Activity
Leave out the images and repeat every entry below exactly.

Stored items:

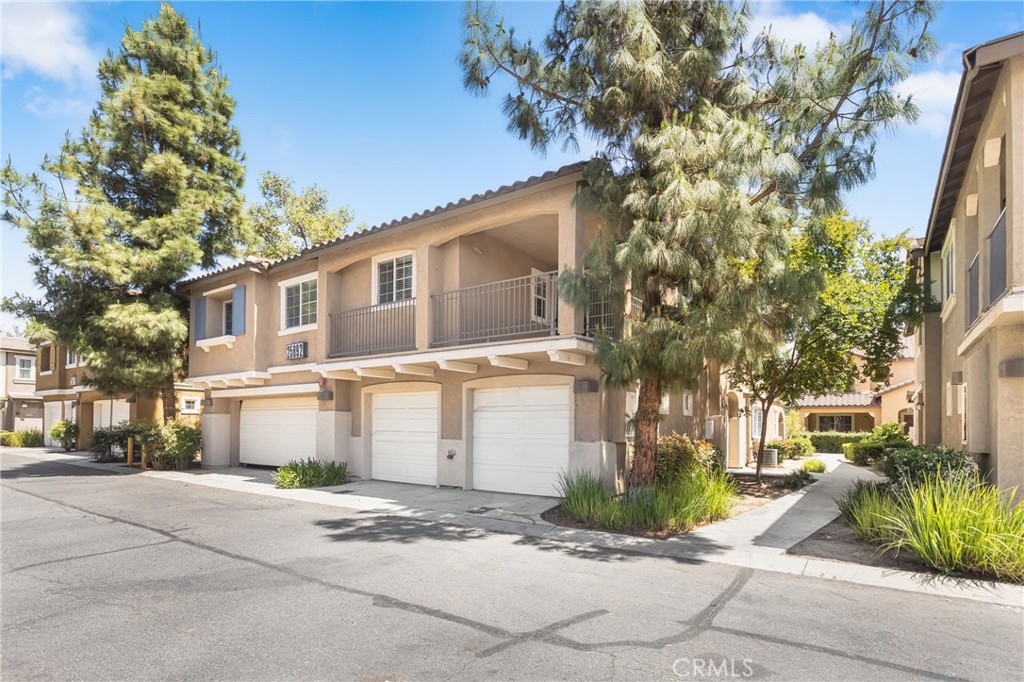 25892 Iris Avenue A Property Photo 1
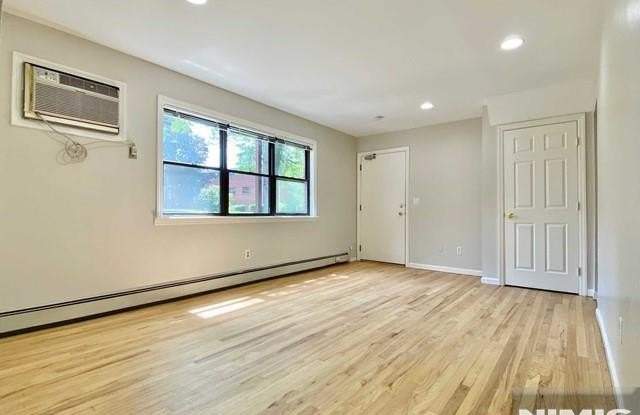 184 Terhune Avenue Gallery 2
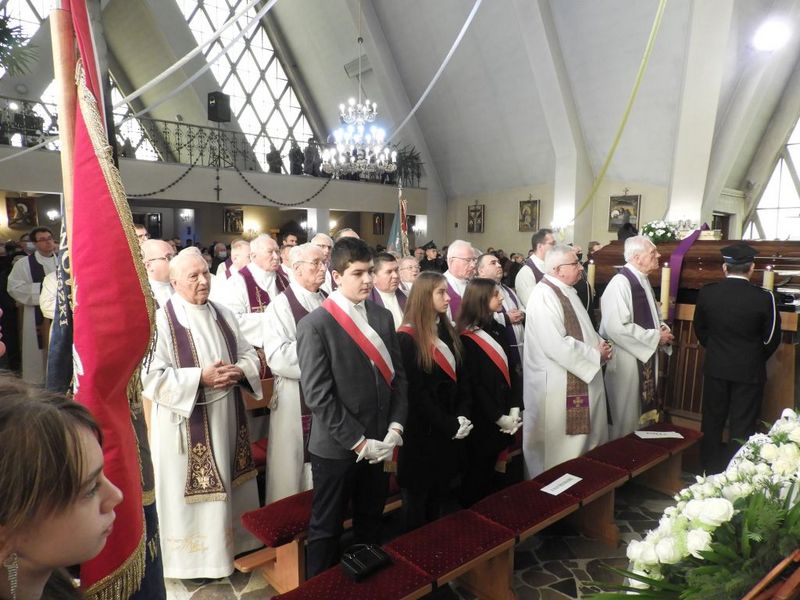 14 Nieczajna pożegnała ks. Kanonika Władysława Jaróga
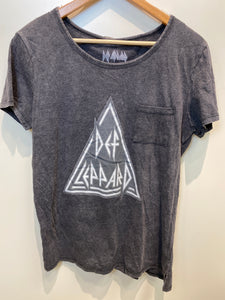 Def Leppard Womens T-Shirt Size Extra Large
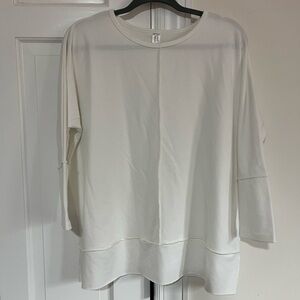 Spanx Women's White Long Sleeve Top
Worn once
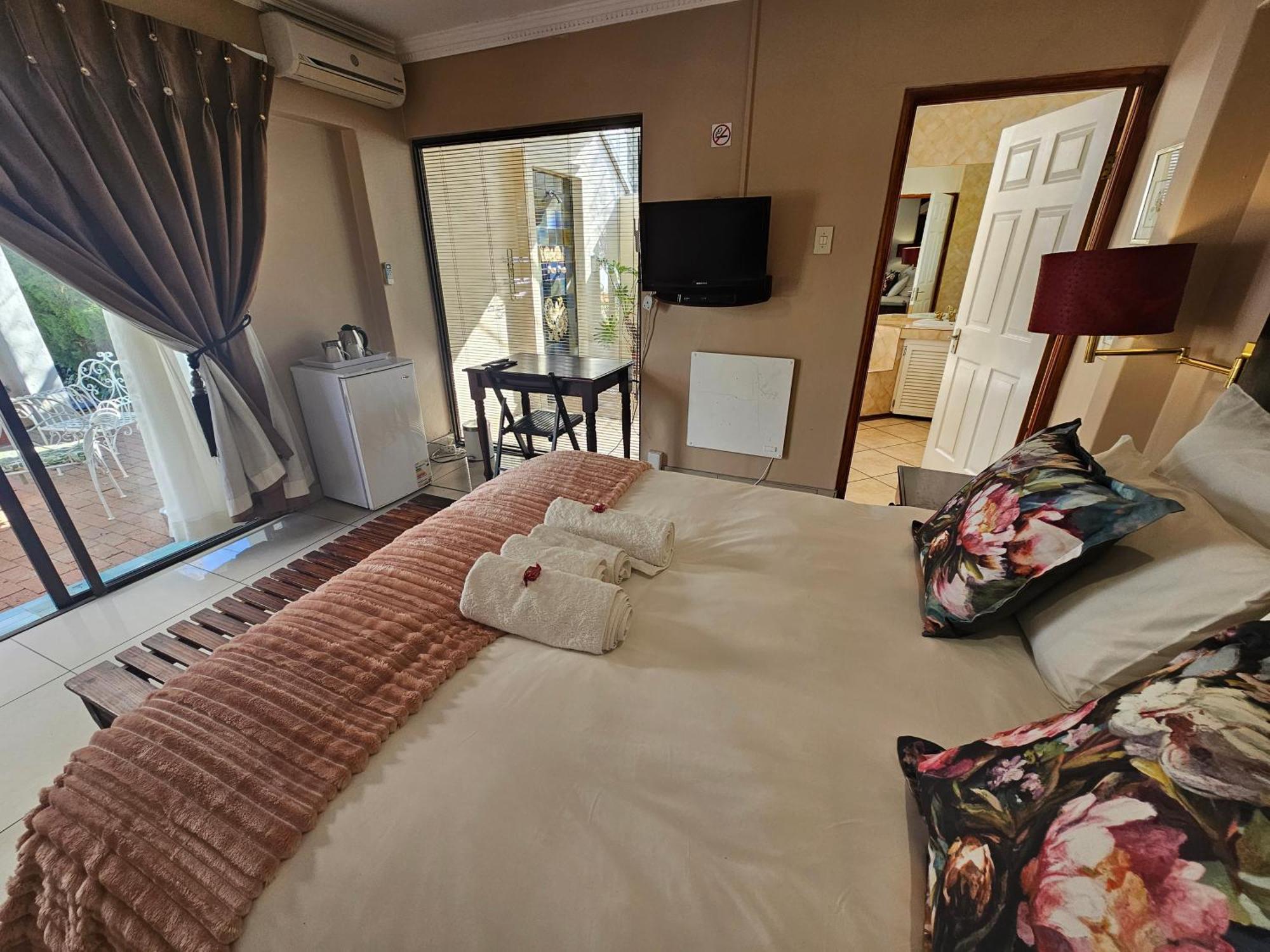 Bettie'S Luxury Lodge Kroonstad Exteriér fotografie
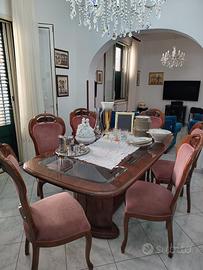 Tavolo con sei sedie in olmo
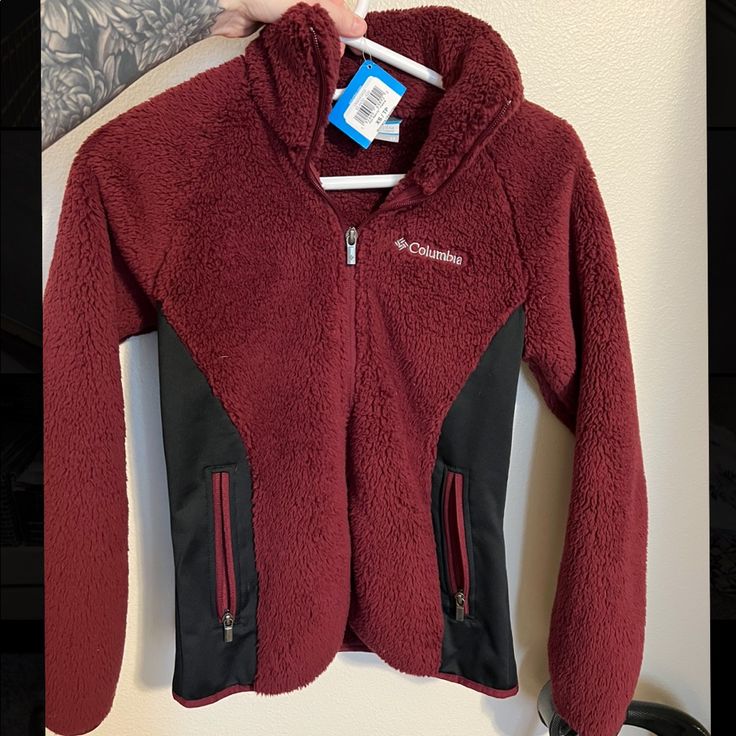 Brand New, With Tag. Wine Colored Plush Columbia Jacket. Fitted Fleece Winter Outerwear, Red Hooded Fleece Jacket For Outdoor, Red Long Sleeve Hooded Jacket For Cold Weather, Red Fleece Jacket With Fleece Lining For Winter, Red Winter Fleece Jacket With Fleece Lining, Red Fleece Jacket For Fall, Red Fleece Jacket For Outdoor Activities In Fall, Red Fleece Long Sleeve Outerwear, Red Fleece Jacket For Fall Outdoor Activities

Response to the exercise
 25892 Iris Avenue A Property Photo 1
 184 Terhune Avenue Gallery 2
 14 Nieczajna pożegnała ks. Kanonika Władysława Jaróga
 Def Leppard Womens T-Shirt Size Extra Large
 Spanx Women's White Long Sleeve Top
Worn once
 Bettie'S Luxury Lodge Kroonstad Exteriér fotografie
 Tavolo con sei sedie in olmo
 Brand New, With Tag. Wine Colored Plush Columbia Jacket. Fitted Fleece Winter Outerwear, Red Hooded Fleece Jacket For Outdoor, Red Long Sleeve Hooded Jacket For Cold Weather, Red Fleece Jacket With Fleece Lining For Winter, Red Winter Fleece Jacket With Fleece Lining, Red Fleece Jacket For Fall, Red Fleece Jacket For Outdoor Activities In Fall, Red Fleece Long Sleeve Outerwear, Red Fleece Jacket For Fall Outdoor Activities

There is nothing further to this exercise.